→ **Task to complete**:
Without the pictures, give the listing below again exactly.

→ **Source material**:
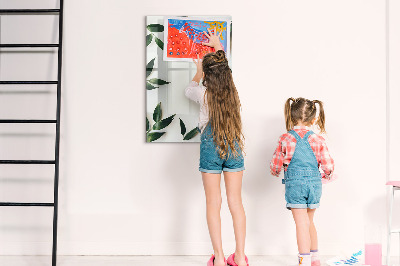 Glazen magneetbord met decoratieve print Groen bladframe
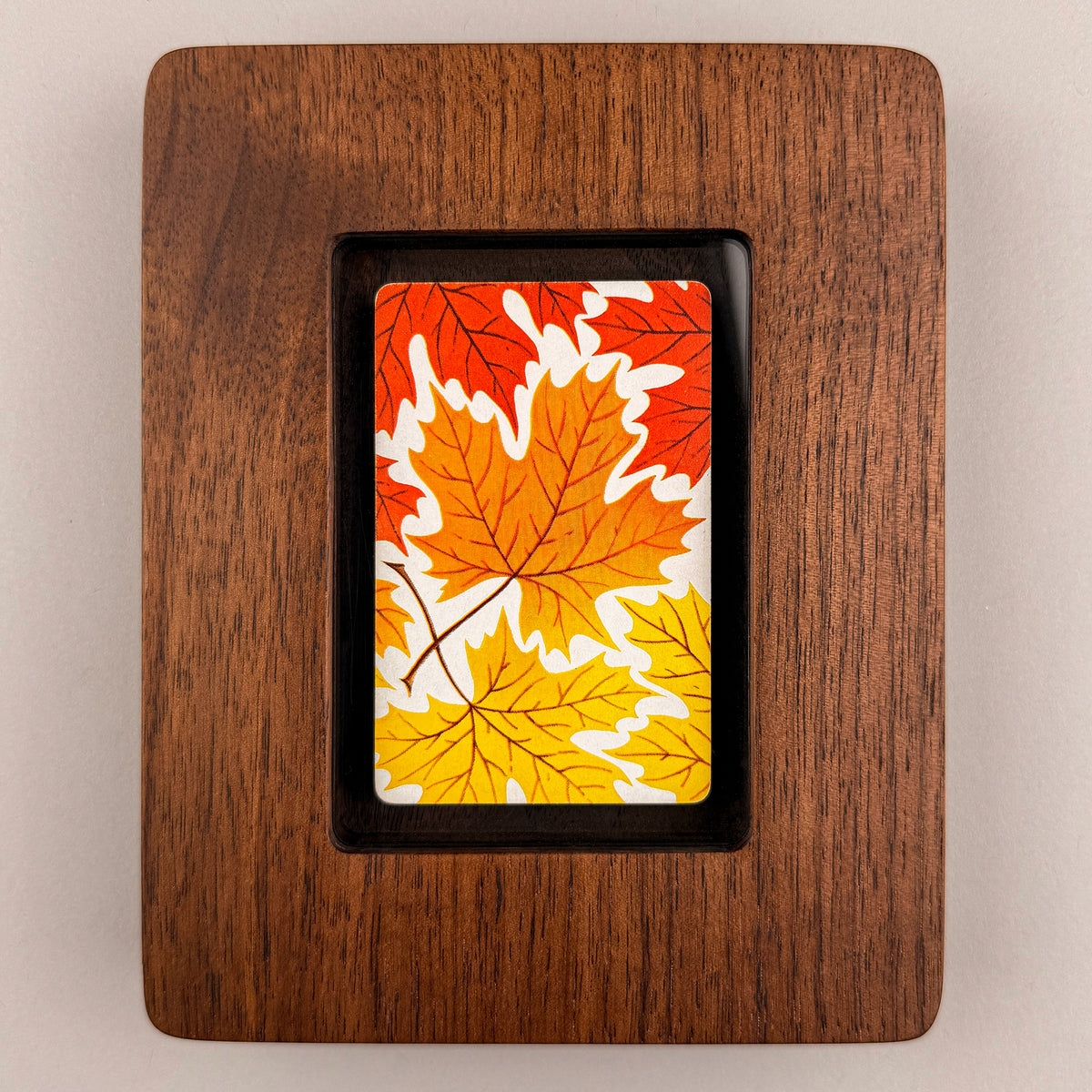 SunnySlab Fall Maple Leaves Walnut Wall Art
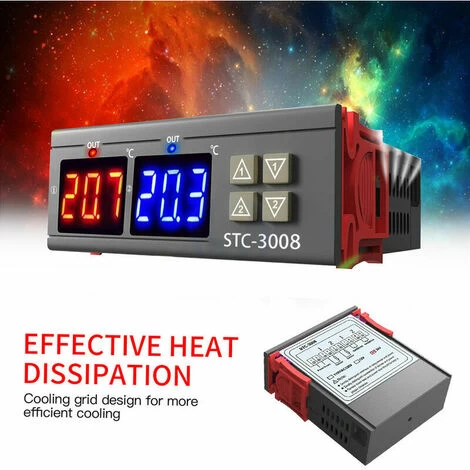 GTA Dual Digital Display Thermostat Temperature Controller With Dual NTC Probe Relay Output, DC 24V - DC 24V - Image 2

→ **Exercise result**:
 Glazen magneetbord met decoratieve print Groen bladframe
 SunnySlab Fall Maple Leaves Walnut Wall Art
 GTA Dual Digital Display Thermostat Temperature Controller With Dual NTC Probe Relay Output, DC 24V - DC 24V - Image 2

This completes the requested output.